(MATERIAL FOR THIS EXERCISE)
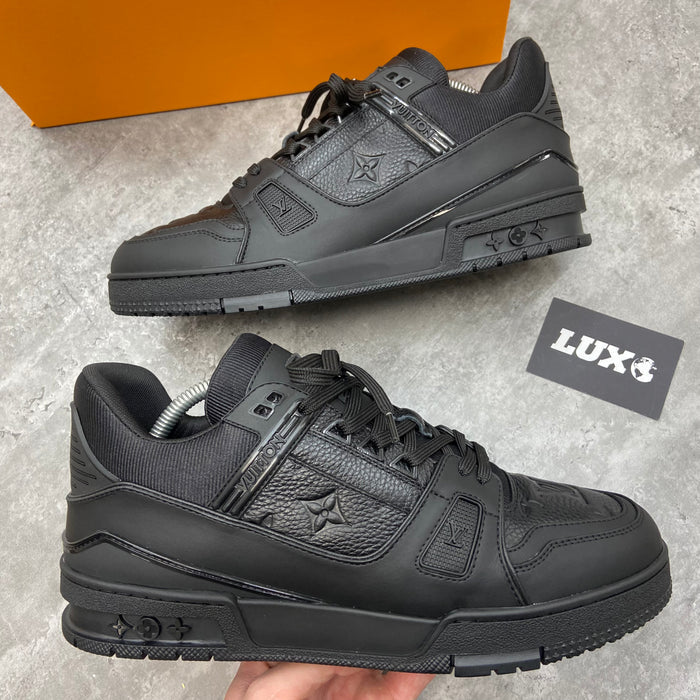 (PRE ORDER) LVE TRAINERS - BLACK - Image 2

...

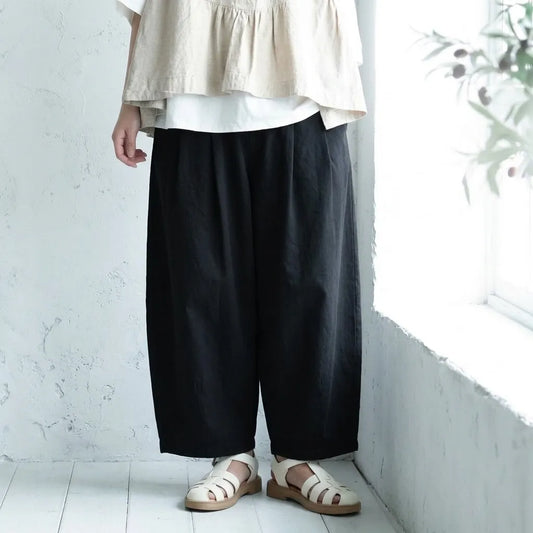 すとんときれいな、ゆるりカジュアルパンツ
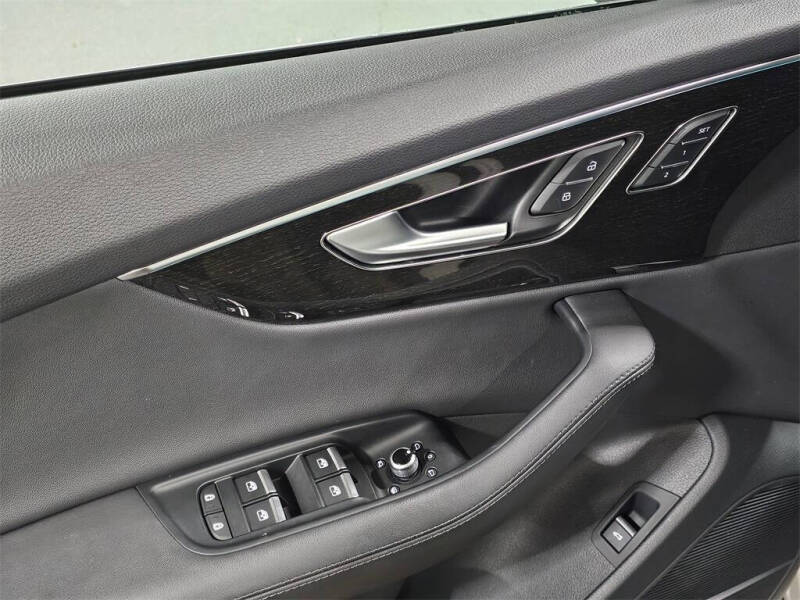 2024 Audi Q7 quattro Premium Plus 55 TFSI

(WHAT IS BEING ASKED) Leaving every picture aside, reproduce exactly the lines above from the one with "すとんときれいな、ゆるりカジュアルパンツ" up to and including the one with "2024 Audi Q7 quattro Premium Plus 55 TFSI", and no others.

(TASK ANSWER)
 すとんときれいな、ゆるりカジュアルパンツ
 2024 Audi Q7 quattro Premium Plus 55 TFSI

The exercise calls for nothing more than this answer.